La sala del Consejo es la habitación en la cual realizan sus reuniones los representantes elegidos de las castas elevadas de Ko-ro-ba. Cada ciudad tiene una habitación semejante. Esta se encontraba en el cilindro más grande, y el techo era por lo menos seis veces más alto que el de una habitación común. Los puntos de luz, que me recordaban el cielo estrellado, brillaban en el techo; las paredes estaban pintadas horizontalmente con franjas de colores, de abajo hacia arriba de color blanco, azul, amarillo, verde y rojo, de acuerdo con los colores de las castas. En cinco niveles diferentes junto a la pared, un nivel para cada una de las castas elevadas, se alzaban los bancos de piedra para los miembros del Consejo. Los bancos correspondían al color de la pared que se encontraba detrás de ellos.

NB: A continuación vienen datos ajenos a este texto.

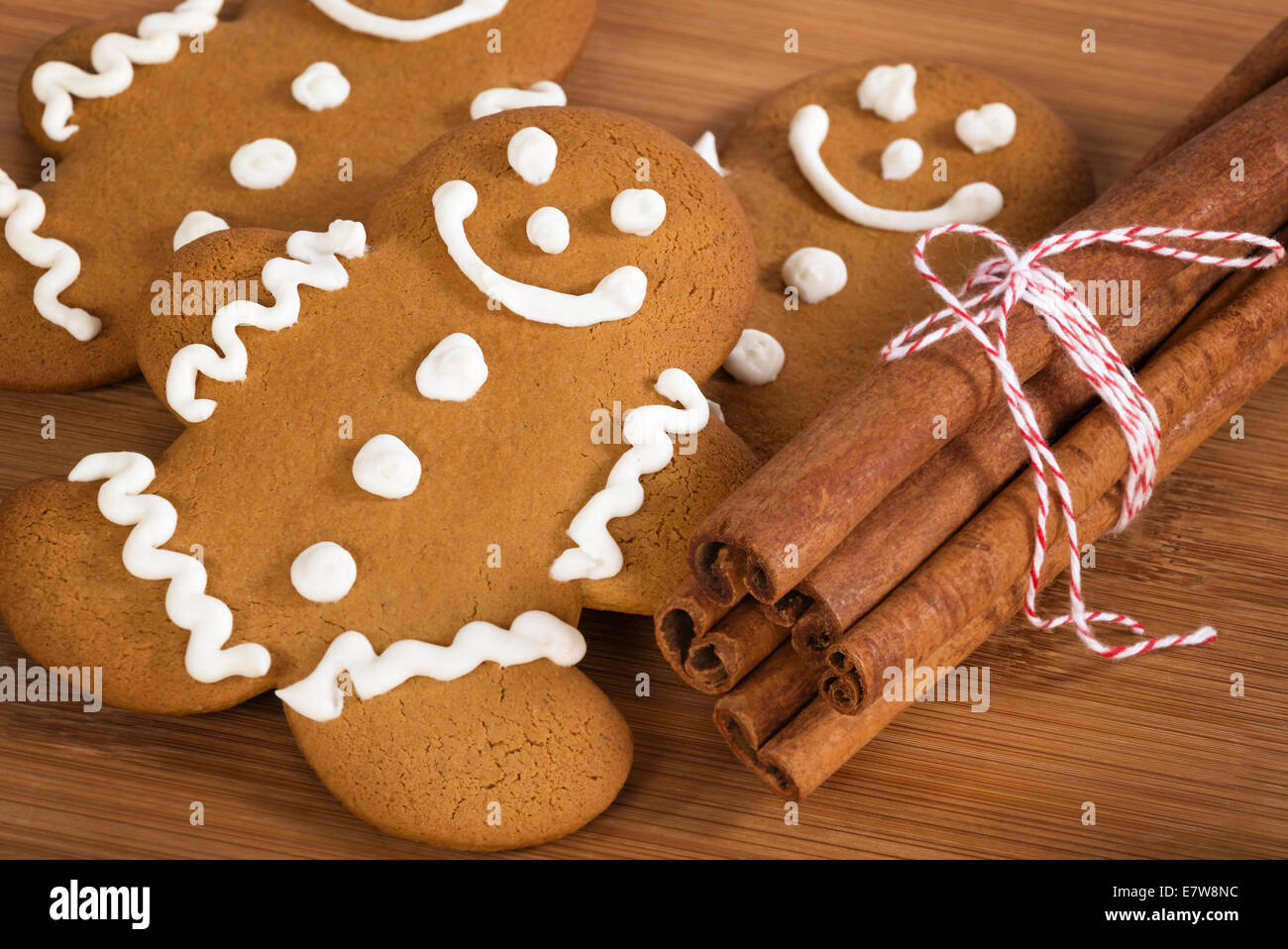Freshly baked gingerbread man cookies with cinnamon sticks on wooden cutting board Stock Photo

El banco más bajo, pintado de blanco, les estaba reservado a los Iniciados, los intérpretes de la voluntad de los Reyes Sacerdotes. Detrás de ellos se encontraban sentados —en este orden— los representantes de los Escribas, de los Constructores, de los Médicos y de los Guerreros.

Comprobé que Torm no se contaba entre los representantes de los Escribas y sonreí.

—Soy demasiado práctico por naturaleza —decía— como para ocuparme de los asuntos inútiles relacionados con el gobierno.

Me llamó agradablemente la atención el hecho de que a mi propia casta, la Casta de los Guerreros, le correspondía el status más bajo; si hubiera sido por mí, los guerreros no hubieran debido pertenecer en absoluto a las castas elevadas. Por otra parte, tenía mucho que objetar al hecho de que la Casta de los Iniciados ocupara el lugar de honor, ya que éstos eran, a mi parecer, en un grado aun mayor que los soldados, miembros improductivos de la sociedad. Al menos los guerreros ofrecían su protección a la ciudad, mientras que los iniciados en todo caso se ofrecían para curar enfermedades y plagas, que, en gran medida, ellos mismos habían provocado.

En medio de la sala circular se alzaba una especie de trono, sobre el cual se hallaba, vestido en su traje de ceremonia —una sencilla túnica marrón—, mi padre, administrador de Ko-ro-ba, anteriormente Ubar, jefe supremo de la ciudad. A sus pies tenía un casco, un escudo, una lanza y una espada.